Problem description
Where an image appears in the data, omit it and reproduce the rest exactly.

Source material
▬▬▬▬▬▬

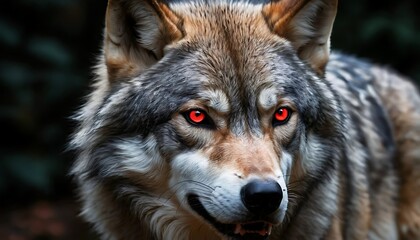 Close-up of Gray Wolf with Piercing Red Eyes in Dark Forest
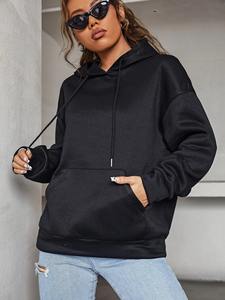 Women's Oversized Thick Cotton <b>Fleece</b> <b>Hoodie</b> Custom Logo Plus Size Winter Warm Pullover <b>Hoodie</b> - Product Image 2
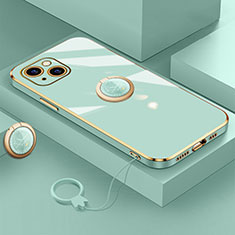 Coque Ultra Fine Silicone Souple Housse Etui avec Support Bague Anneau Aimante Magnetique A08 pour Apple iPhone 13 Mini Vert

▬▬▬▬▬▬

Response
 Close-up of Gray Wolf with Piercing Red Eyes in Dark Forest
 Women's Oversized Thick Cotton <b>Fleece</b> <b>Hoodie</b> Custom Logo Plus Size Winter Warm Pullover <b>Hoodie</b> - Product Image 2
 Coque Ultra Fine Silicone Souple Housse Etui avec Support Bague Anneau Aimante Magnetique A08 pour Apple iPhone 13 Mini Vert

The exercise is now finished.